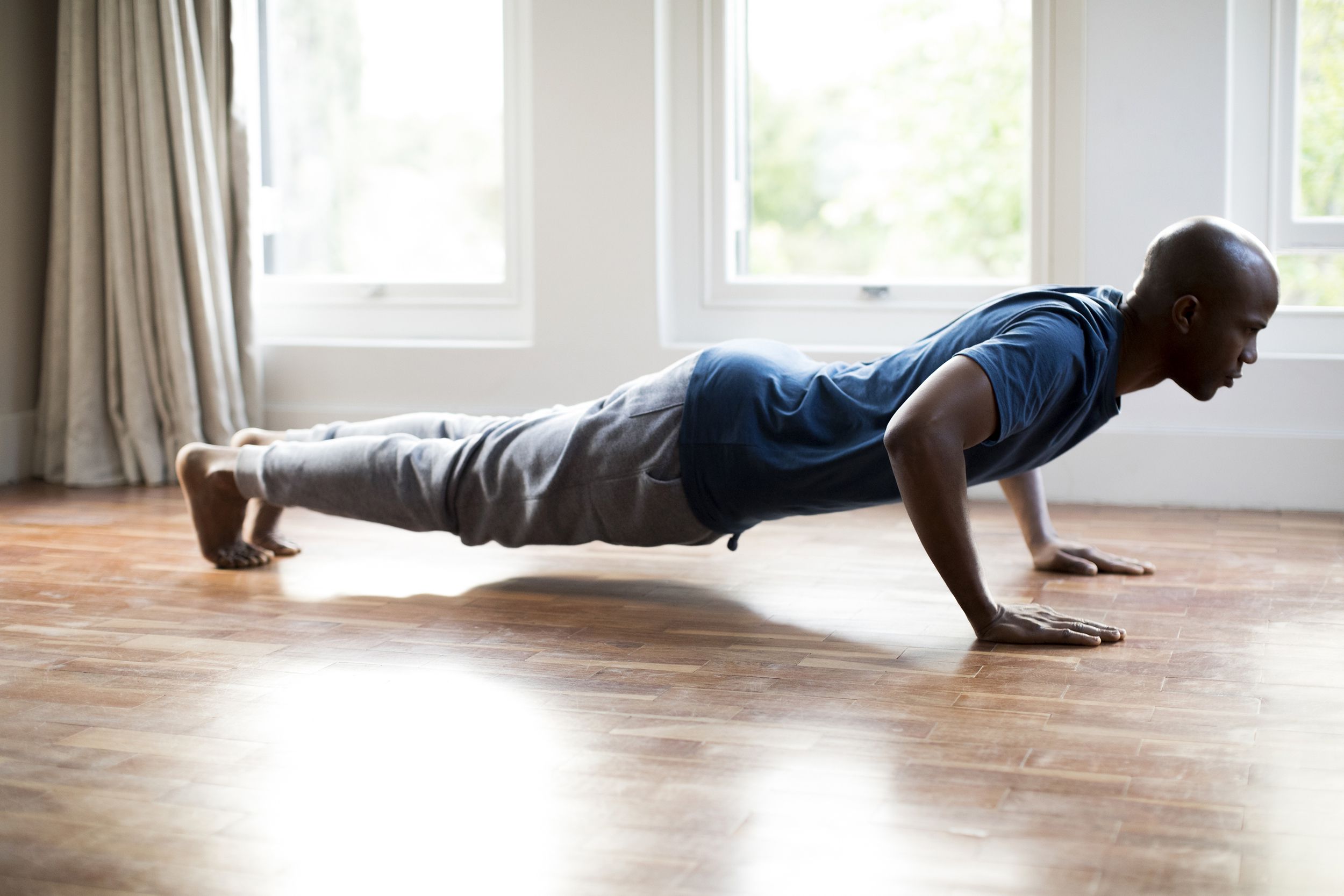 Man doing a pushup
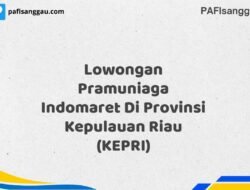 Lowongan Pramuniaga Indomaret Di Provinsi Kepulauan Riau Maret Tahun 2025 (Segera)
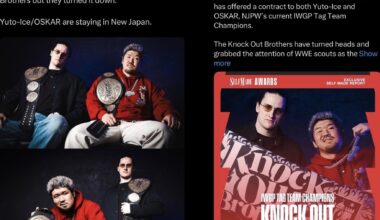 Dave Meltzer confirms Self Made PW report that Yuto and OSKAR were offered WWE contracts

☆ ☆ ☆ ☆

To do - Retype all of the listing above exactly, but keep its pictures out.

Response -
 Man doing a pushup
 Lowongan Pramuniaga Indomaret Di Provinsi Kepulauan Riau Maret Tahun 2025 (Segera)
 Dave Meltzer confirms Self Made PW report that Yuto and OSKAR were offered WWE contracts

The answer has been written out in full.